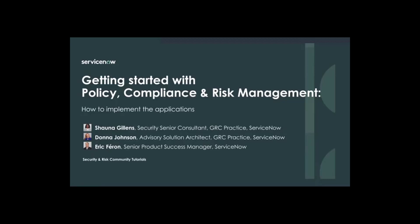Hello everyone. Welcome to the second community tutorial for new users of ServiceNow's governance, risk and compliance applications. My name is Eric Ferron. I'm with ServiceNow, based in Santa Clara, California.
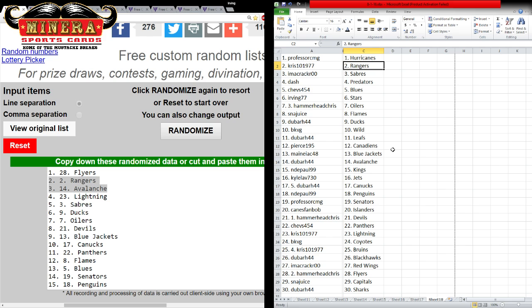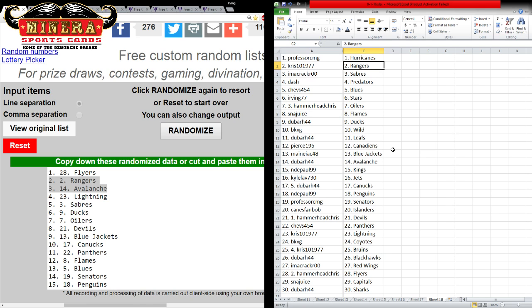Chris, Hobby Boxes with the Rangers. And Avalanche. Tim. Avalanche. And Hammerhead Chris, the Flyers, get the Tarasenko.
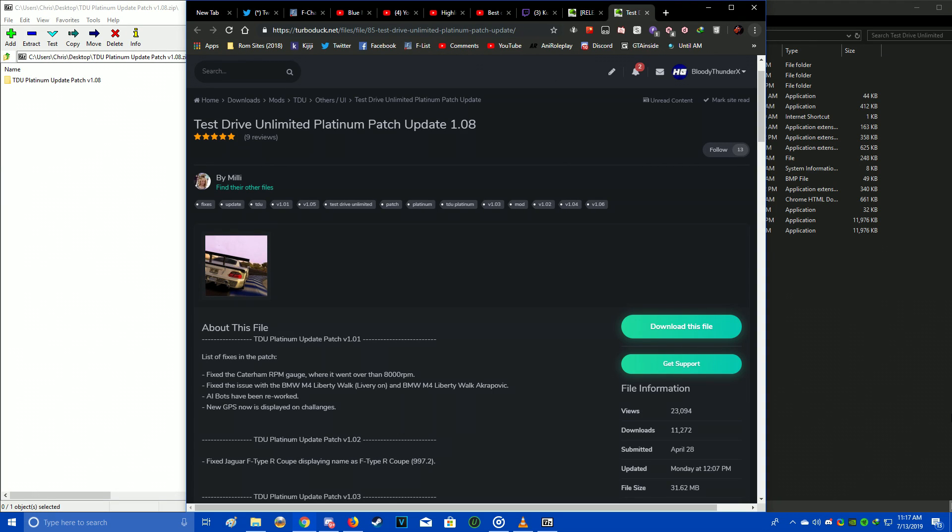Alright, so GwakStick, this video is for you. I'm going to show you how to install the patches for Test Drive Unlimited Platinum. Millie has been working consistently on fixing as many problems that have been discovered with Test Drive Unlimited and Test Drive Unlimited Platinum. If you're having any particular problems with the game or just want a more solid, more polished experience, definitely get these update patches because they'll improve the experience.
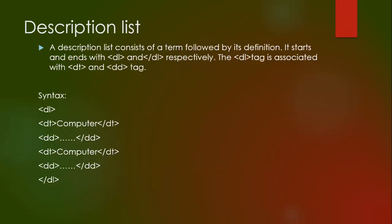Now we will see description list. A description list consists of a term followed by its definition. It starts and ends with DL and slash DL. It means it is a container tag used to describe the term. It is associated with DT and DD tag. DT and DD both are container tags. Here DT stands for definition term and DD stands for describing description.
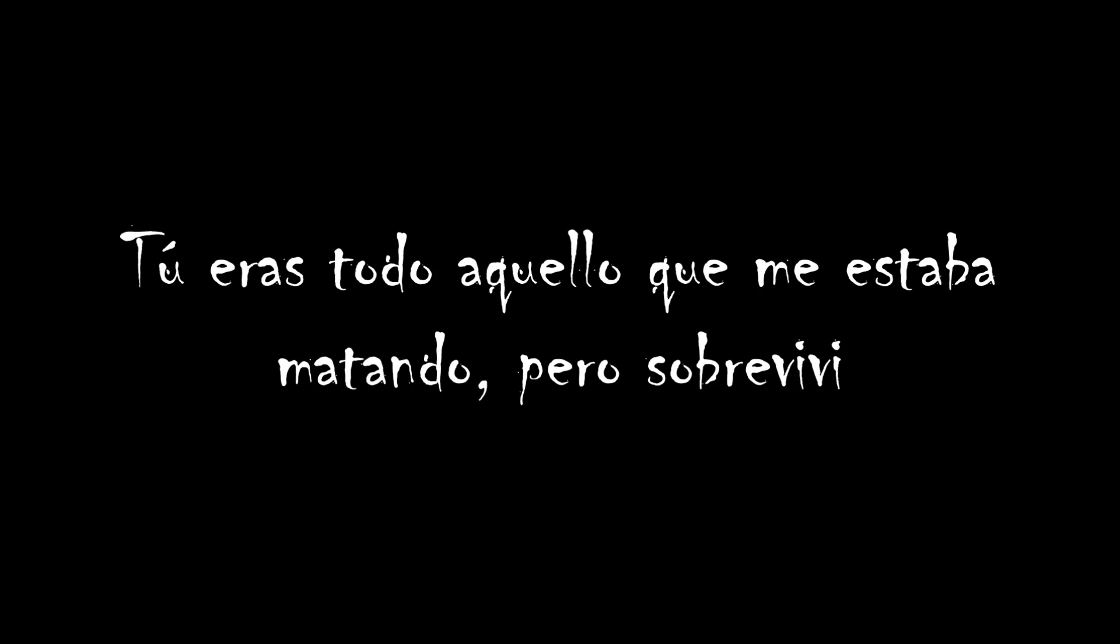You were everything that was killing me but I survived. Now you're just a memory stuck in the history of my life.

▬▬▬

**WHAT THE EXERCISE ASKS**
Please quote exactly the run of lines that starts the entries and ends at the line containing "Chris, Hobby Boxes", leaving out every picture.

**WRITTEN ANSWER**
Hello everyone. Welcome to the second community tutorial for new users of ServiceNow's governance, risk and compliance applications. My name is Eric Ferron. I'm with ServiceNow, based in Santa Clara, California.
Chris, Hobby Boxes with the Rangers. And Avalanche. Tim. Avalanche. And Hammerhead Chris, the Flyers, get the Tarasenko.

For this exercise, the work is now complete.